Cost, a panelist at the 1997 NIRI conference at Indian Wells, Calif., which this reporter attended, said he was struck by the widespread retreat of PR people from press relations.
He felt a "business decision" had been made by many companies to limit press/PR interaction.
Reporters were getting so little from PR anymore that they were now besieging IR people, he said.
Since corporate PR people no longer had relationships with reporters (like the relationships IR pros had with analysts), corporate PR experiences a press call ?like a drive-by shooting,? he said.
Variety's Bart Sees 'Evasion'
Taking note of the same retreat April 9 was Peter Bart of Variety in a column headlined, "For Publicists, Evasion Overrules Promotion."

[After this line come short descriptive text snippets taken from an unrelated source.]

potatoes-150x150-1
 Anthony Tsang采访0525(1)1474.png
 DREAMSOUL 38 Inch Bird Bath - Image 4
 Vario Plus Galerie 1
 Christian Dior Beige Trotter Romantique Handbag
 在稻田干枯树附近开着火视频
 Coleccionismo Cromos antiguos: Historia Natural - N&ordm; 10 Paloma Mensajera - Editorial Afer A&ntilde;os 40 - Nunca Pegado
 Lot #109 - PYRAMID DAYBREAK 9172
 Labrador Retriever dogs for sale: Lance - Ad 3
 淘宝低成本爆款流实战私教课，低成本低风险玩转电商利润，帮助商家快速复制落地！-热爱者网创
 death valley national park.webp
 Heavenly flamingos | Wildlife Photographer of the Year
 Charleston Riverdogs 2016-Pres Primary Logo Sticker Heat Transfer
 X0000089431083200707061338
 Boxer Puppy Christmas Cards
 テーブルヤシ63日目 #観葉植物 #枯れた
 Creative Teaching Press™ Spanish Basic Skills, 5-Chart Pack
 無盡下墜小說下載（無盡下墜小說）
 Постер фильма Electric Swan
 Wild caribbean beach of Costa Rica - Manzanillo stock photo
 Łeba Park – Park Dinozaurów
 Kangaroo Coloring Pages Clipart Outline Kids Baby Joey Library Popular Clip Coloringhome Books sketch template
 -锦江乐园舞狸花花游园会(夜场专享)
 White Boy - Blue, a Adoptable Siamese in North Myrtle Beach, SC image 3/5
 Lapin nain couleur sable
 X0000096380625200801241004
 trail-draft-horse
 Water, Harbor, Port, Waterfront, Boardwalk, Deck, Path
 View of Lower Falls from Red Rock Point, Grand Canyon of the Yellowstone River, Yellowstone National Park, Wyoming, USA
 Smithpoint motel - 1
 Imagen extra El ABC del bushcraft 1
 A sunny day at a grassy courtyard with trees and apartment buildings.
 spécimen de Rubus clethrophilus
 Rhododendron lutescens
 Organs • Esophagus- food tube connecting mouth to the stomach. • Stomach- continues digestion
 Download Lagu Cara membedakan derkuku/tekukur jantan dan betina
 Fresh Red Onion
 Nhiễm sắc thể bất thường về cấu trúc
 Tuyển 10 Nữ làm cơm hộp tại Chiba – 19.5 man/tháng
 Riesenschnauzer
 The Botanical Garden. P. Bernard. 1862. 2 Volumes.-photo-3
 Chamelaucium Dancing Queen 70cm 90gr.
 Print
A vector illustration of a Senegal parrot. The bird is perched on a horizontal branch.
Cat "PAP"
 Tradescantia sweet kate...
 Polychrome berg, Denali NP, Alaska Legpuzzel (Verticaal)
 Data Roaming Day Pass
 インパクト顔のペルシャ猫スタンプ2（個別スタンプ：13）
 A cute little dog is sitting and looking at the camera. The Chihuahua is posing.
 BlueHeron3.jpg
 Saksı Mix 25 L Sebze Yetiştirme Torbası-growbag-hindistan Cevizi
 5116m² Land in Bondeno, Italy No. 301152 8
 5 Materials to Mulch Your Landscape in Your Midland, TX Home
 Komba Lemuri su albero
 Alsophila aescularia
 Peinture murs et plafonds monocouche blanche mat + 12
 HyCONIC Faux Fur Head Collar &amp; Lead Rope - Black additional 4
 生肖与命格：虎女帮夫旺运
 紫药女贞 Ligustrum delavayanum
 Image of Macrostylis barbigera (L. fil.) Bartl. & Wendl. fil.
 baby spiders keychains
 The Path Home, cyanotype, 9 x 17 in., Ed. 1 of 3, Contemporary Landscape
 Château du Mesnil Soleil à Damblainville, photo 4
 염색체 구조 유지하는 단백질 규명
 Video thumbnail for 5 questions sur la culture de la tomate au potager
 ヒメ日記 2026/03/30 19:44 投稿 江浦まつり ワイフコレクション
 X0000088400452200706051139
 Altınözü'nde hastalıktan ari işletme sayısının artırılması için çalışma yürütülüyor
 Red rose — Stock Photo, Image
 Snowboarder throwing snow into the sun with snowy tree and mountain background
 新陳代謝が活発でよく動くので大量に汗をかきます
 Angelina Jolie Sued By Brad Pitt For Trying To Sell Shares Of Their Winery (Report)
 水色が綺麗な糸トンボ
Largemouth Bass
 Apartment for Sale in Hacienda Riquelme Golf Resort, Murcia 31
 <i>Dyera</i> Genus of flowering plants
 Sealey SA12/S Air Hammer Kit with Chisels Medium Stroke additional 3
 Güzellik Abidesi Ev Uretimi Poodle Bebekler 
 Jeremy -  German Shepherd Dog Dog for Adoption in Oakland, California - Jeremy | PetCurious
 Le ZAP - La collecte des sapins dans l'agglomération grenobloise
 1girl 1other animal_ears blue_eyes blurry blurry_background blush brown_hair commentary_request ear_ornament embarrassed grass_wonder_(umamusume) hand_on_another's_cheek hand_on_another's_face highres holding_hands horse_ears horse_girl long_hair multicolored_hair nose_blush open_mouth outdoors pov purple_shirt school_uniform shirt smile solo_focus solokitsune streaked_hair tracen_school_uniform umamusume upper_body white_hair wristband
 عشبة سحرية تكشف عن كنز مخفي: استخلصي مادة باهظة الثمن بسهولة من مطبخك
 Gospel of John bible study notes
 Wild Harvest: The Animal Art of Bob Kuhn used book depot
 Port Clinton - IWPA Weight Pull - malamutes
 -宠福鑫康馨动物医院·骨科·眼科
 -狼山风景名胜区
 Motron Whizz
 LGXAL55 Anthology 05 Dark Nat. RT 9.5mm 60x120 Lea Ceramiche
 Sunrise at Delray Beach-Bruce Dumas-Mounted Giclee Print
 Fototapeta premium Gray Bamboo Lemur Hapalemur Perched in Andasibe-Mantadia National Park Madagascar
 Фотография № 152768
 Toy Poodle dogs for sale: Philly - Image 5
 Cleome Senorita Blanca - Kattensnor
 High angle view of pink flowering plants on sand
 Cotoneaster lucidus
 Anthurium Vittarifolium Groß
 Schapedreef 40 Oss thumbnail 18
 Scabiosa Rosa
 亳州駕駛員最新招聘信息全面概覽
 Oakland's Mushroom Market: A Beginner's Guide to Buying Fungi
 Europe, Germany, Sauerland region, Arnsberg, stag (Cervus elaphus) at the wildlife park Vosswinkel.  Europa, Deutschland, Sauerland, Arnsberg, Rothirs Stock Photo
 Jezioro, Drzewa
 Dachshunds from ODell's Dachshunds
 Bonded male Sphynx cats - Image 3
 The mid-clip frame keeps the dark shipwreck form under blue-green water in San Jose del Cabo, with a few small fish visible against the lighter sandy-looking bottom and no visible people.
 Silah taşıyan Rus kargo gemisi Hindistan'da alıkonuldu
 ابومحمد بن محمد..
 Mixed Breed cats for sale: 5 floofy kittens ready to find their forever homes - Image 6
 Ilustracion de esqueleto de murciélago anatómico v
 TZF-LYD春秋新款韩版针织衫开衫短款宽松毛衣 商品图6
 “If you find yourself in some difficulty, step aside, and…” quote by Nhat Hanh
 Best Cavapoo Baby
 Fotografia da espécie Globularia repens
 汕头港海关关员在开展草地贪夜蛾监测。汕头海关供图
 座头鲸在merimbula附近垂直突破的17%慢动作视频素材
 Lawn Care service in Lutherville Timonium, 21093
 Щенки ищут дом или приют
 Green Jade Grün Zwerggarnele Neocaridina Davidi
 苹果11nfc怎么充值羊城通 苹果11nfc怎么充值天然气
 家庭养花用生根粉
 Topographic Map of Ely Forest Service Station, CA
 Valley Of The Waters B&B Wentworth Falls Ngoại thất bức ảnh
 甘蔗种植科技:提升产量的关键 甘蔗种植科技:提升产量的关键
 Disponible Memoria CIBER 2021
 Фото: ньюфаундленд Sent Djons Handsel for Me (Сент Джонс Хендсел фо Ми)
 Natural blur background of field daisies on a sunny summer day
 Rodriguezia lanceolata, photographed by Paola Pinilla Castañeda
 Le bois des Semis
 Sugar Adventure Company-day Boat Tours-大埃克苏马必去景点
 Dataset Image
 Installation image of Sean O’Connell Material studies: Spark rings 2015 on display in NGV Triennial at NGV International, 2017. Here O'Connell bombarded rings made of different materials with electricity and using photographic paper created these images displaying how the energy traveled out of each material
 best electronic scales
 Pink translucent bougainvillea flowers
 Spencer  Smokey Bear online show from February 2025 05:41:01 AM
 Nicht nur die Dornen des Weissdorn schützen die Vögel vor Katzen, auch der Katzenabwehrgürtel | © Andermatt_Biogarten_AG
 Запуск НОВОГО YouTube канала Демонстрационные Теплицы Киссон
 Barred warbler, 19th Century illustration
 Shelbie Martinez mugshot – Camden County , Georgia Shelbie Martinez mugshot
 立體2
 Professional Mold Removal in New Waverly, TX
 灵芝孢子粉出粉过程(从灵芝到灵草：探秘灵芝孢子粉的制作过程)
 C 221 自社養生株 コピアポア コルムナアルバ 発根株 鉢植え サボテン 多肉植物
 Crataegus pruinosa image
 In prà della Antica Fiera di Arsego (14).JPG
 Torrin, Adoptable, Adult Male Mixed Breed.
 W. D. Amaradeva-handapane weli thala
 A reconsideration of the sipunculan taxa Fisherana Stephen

Publicists, "once a colorful fraternity," now seem to be "locked in their bunkers doing damage control," he wrote. He said he misses the "old days" when stars and their publicists were far more available.
Symptomatic of PR's seclusion is the Pepsi website. No names of PR pros are available although the corporate staff numbers 100 and there are many more PR pros working in the company's 19 brands.
Reporters can put a question in a box and hope someone will respond. Many other blue chips have the same policy.
The explosion of information on the web appears to be pushing some parts of PR into further seclusion.
PR Seminar in South Beach
Hamp is a member of PR Seminar, which will meet June 5-8 (Sunday-Wednesday) at the Ritz-Carlton in South Beach, Miami.
Also a member of this four-day, off-the-record gathering is Kathleen Matthews, XVP Global communications and PA of Marriott International and wife of Chris Matthews of MSNBC's "Hardball."
Kathleen Matthews is an honored journalist who worked in D.C. for 25 years including as evening news anchor for the ABC affiliate.
No news organization except O'Dwyer's has ever mentioned the existence of PR Seminar, although more than 25 major media have attended it including editors from the New York Times, Wall Street Journal, Fortune, Financial Times, National Public Radio, ProPublica, etc.
An ethics committee member of the Society of Professional Journalists said this relationship (link, sub req'd) of Big PR and Big Press breaks at least ten articles of the SPJ Code.
Will this be the year that Chris Matthews, whose motto is, "Tell me something I don?t know," breaks this journalistic logjam!?
Another coincidence is that the PR Society conference this year is at the JW Marriott Orlando Grande Lakes hotel Oct. 15-18.
We're wondering how much work we have to do to get hearing assistance in covering the Assembly and conference. Maybe Kathleen Matthews will help us. This assistance was improperly denied to us in 2009.
Arthur Yann, VP-PR of PRSA, says we will have to wait until August to find out whether we are "credentialed" for either one.
He can deny credentialing for any or no reason since credentialing is on a "case-by-case" basis, says the Society's media policy.